Meet Kendra Kinnison

04/25/2019 02:32PM ● By Kylie Cooper

Conversation by: Kylie Cooper  Photos by: Rachel Benavides

Tell me a little bit about Royal Resilience. 

Royal Resilience tells the story of Port Royal's journey through Hurricane Harvey, from the decision making in the days just before the storm to the one-year anniversary. It details our crisis management, community service, training program, leadership development, and physical rebuilding.

What was the initial inspiration to write the book?

We realized that we had to. It became important to our healing. When we realized that the recovery process would be much harder and much longer than we ever expected, we knew that we'd need to find ways to celebrate the milestones and keep our meaning and purpose in front of us.

What type of Challenges did you face when writing the book?

Two big ones stand out. First, my memories were a mess. I would often remember things out of sequence. And, the emotional heaviness of reliving those days. My keyboard was often covered in tears. I'm still in awe of my team.

The book's structure is primarily done through time stamps, emails, journal-like entries, and Facebook posts. Why did you decide to format the story in this way?
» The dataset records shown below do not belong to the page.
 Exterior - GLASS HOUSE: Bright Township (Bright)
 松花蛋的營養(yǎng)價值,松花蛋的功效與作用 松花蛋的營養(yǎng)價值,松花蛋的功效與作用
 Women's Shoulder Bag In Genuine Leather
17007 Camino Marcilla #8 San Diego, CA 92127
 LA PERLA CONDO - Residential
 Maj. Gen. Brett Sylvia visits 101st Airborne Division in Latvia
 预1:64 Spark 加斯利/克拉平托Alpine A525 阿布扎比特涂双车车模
The documentary style felt like the only way to tell the story in an authentic way. Because communications had been so limited after the storm, we had to find creative ways to get messages out. So we had lots of lengthy emails and videos. Combine that with faulty memories, and it made sense for those "in-the-moment" documents to be the backbone of the book.
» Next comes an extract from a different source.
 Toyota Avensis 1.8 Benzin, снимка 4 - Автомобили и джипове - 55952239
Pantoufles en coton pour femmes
What do you hope this book does for the community and anyone who reads it?

I hope it reminds us all that we're stronger than we think. I hope it shows us the incredible power of faith and teamwork. And, I hope folks realize that the recovery process is still on-going. Not only was Port Royal damaged significantly, a third of our employees were displaced. The personal toll is significant. Lots of grace, patience, and love is still needed along our coast.